**Data provided:**
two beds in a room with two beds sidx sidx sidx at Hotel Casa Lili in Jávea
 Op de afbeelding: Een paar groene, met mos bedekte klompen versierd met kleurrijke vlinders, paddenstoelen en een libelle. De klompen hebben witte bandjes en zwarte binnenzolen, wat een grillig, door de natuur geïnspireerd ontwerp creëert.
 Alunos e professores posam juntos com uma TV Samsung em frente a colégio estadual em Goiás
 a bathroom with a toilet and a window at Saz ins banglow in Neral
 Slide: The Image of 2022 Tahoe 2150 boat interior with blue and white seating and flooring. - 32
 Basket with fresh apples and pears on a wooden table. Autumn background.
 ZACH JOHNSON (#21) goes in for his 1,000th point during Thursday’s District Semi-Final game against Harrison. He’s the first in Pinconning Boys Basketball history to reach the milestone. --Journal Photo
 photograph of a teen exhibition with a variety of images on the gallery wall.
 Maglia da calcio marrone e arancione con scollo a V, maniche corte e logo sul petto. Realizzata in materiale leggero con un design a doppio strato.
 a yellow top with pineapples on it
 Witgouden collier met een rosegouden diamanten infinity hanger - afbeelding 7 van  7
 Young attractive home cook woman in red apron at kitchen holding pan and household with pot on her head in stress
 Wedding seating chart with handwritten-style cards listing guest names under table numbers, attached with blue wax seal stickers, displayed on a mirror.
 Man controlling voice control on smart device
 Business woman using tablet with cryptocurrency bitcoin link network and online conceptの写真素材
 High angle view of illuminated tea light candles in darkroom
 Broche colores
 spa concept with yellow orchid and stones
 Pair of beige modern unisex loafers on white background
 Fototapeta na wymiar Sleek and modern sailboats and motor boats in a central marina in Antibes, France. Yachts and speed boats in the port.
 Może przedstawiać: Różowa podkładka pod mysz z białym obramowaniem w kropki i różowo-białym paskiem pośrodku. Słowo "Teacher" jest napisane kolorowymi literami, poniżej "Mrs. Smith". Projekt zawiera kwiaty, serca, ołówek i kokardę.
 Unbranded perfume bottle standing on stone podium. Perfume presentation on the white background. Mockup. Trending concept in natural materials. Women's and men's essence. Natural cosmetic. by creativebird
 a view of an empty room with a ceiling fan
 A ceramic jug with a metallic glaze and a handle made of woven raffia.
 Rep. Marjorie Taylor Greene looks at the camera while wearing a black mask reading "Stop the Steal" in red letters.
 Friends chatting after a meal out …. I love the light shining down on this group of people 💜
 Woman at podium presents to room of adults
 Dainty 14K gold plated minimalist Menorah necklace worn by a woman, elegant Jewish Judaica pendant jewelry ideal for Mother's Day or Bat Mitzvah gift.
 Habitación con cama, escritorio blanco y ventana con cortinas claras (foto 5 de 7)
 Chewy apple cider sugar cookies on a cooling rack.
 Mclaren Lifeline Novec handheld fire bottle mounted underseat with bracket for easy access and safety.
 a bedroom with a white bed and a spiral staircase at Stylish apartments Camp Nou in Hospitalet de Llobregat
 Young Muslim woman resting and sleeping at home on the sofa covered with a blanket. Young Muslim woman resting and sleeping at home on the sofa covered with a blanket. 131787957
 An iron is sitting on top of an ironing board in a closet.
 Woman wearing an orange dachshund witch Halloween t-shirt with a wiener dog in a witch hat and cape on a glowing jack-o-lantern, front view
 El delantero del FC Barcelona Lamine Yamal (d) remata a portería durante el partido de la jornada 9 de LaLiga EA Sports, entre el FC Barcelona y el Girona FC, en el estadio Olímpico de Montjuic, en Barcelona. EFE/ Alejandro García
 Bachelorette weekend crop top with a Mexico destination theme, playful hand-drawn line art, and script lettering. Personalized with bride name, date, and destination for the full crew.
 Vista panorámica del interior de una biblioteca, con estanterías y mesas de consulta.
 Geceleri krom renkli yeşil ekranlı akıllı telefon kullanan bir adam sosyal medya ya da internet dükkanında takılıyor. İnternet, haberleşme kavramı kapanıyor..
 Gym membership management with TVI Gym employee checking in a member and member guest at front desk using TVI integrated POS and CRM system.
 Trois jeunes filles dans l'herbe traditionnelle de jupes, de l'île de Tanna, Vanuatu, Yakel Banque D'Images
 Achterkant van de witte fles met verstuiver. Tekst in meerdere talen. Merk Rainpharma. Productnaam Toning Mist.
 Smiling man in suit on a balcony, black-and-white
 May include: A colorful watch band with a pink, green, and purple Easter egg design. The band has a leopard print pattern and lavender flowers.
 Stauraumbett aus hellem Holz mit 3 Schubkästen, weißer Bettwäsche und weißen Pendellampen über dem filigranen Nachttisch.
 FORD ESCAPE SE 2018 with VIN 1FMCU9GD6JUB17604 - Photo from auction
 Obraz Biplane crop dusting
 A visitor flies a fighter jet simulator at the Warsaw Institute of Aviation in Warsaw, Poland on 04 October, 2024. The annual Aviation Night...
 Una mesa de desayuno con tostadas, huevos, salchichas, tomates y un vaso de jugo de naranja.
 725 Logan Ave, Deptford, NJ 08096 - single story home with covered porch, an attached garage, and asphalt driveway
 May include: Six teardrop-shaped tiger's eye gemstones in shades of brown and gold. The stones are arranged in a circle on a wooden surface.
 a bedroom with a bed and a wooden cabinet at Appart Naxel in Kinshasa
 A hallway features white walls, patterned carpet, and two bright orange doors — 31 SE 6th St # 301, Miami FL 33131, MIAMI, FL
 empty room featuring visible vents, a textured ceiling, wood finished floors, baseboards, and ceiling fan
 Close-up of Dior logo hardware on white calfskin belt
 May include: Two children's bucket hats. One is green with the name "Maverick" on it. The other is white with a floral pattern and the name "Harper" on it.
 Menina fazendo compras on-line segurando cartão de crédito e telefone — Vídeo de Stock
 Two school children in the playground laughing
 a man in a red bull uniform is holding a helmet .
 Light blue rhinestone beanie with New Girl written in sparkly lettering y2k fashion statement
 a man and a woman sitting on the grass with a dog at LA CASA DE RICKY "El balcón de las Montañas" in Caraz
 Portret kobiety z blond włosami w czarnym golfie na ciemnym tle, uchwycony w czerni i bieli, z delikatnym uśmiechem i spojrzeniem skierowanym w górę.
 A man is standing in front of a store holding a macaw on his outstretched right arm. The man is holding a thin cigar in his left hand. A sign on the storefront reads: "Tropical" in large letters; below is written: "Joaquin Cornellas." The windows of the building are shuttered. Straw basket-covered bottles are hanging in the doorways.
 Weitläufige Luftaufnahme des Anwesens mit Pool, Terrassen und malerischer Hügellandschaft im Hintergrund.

**Problem to solve:** Please output the lines of the listing above that fall in the stretch from the one with "photograph of a" through the one with "A ceramic jug", exactly and only those.

**Answer space:**
 photograph of a teen exhibition with a variety of images on the gallery wall.
 Maglia da calcio marrone e arancione con scollo a V, maniche corte e logo sul petto. Realizzata in materiale leggero con un design a doppio strato.
 a yellow top with pineapples on it
 Witgouden collier met een rosegouden diamanten infinity hanger - afbeelding 7 van  7
 Young attractive home cook woman in red apron at kitchen holding pan and household with pot on her head in stress
 Wedding seating chart with handwritten-style cards listing guest names under table numbers, attached with blue wax seal stickers, displayed on a mirror.
 Man controlling voice control on smart device
 Business woman using tablet with cryptocurrency bitcoin link network and online conceptの写真素材
 High angle view of illuminated tea light candles in darkroom
 Broche colores
 spa concept with yellow orchid and stones
 Pair of beige modern unisex loafers on white background
 Fototapeta na wymiar Sleek and modern sailboats and motor boats in a central marina in Antibes, France. Yachts and speed boats in the port.
 Może przedstawiać: Różowa podkładka pod mysz z białym obramowaniem w kropki i różowo-białym paskiem pośrodku. Słowo "Teacher" jest napisane kolorowymi literami, poniżej "Mrs. Smith". Projekt zawiera kwiaty, serca, ołówek i kokardę.
 Unbranded perfume bottle standing on stone podium. Perfume presentation on the white background. Mockup. Trending concept in natural materials. Women's and men's essence. Natural cosmetic. by creativebird
 a view of an empty room with a ceiling fan
 A ceramic jug with a metallic glaze and a handle made of woven raffia.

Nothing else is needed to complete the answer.